--- START ---

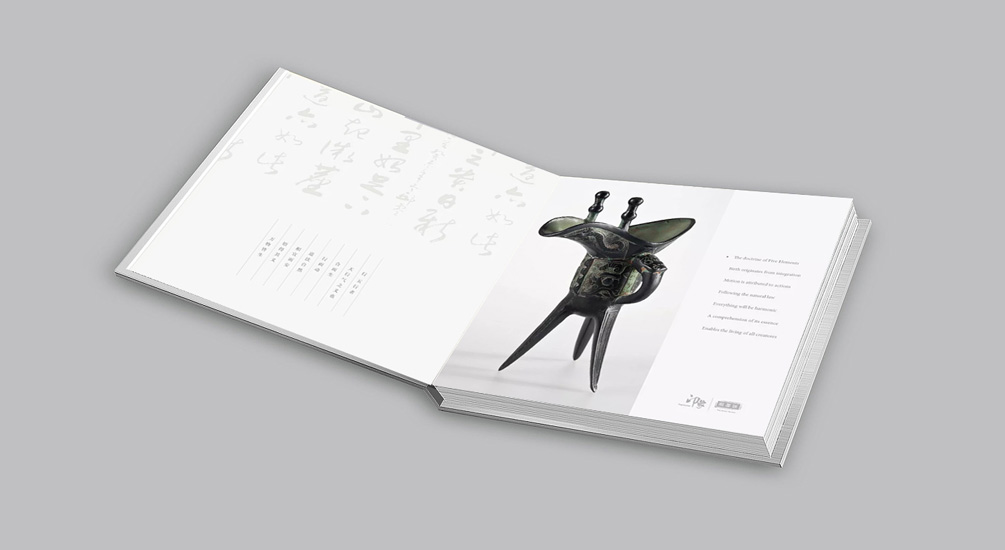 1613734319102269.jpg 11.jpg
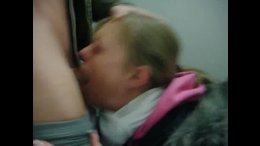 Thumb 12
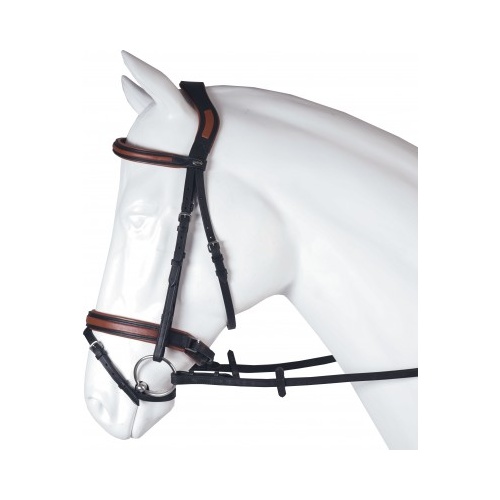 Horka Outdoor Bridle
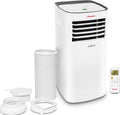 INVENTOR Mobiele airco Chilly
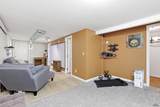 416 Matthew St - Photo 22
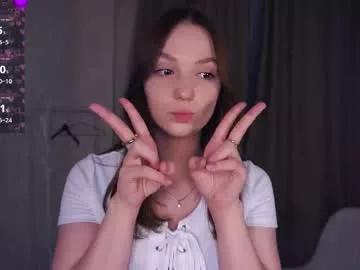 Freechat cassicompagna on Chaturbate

--- END ---
--- START ---

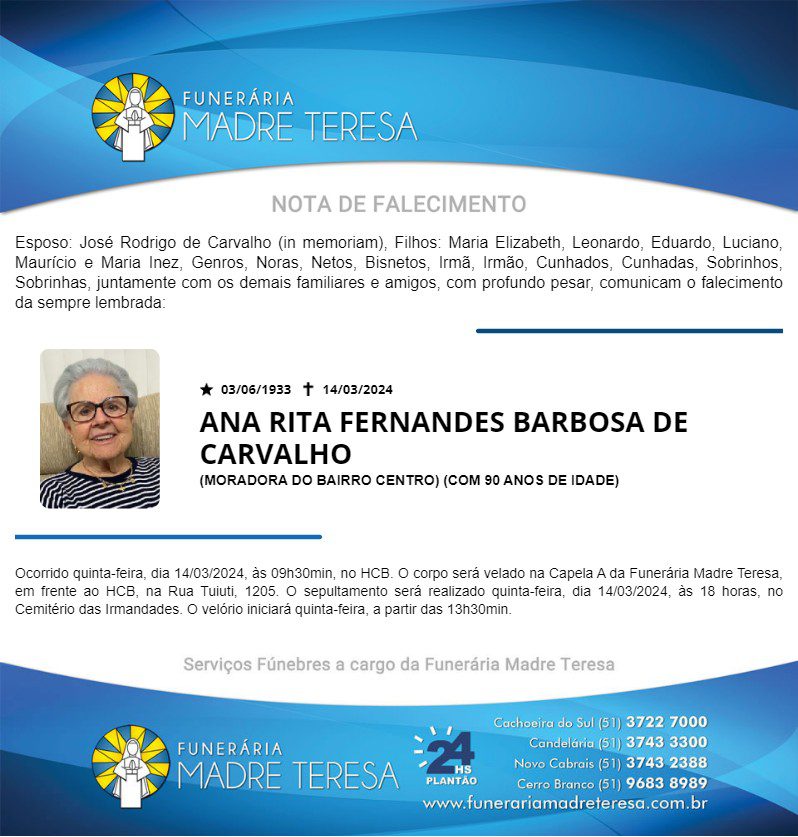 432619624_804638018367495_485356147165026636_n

--- END ---

**Your objective**
Write down exactly what the lines above say, from the line holding "1613734319102269.jpg 11.jpg" through the line holding "Freechat cassicompagna on Chaturbate", and nothing more. Do not copy the pictures.

**Response for this exercise**
 1613734319102269.jpg 11.jpg
 Thumb 12
 Horka Outdoor Bridle
 INVENTOR Mobiele airco Chilly
 416 Matthew St - Photo 22
 Freechat cassicompagna on Chaturbate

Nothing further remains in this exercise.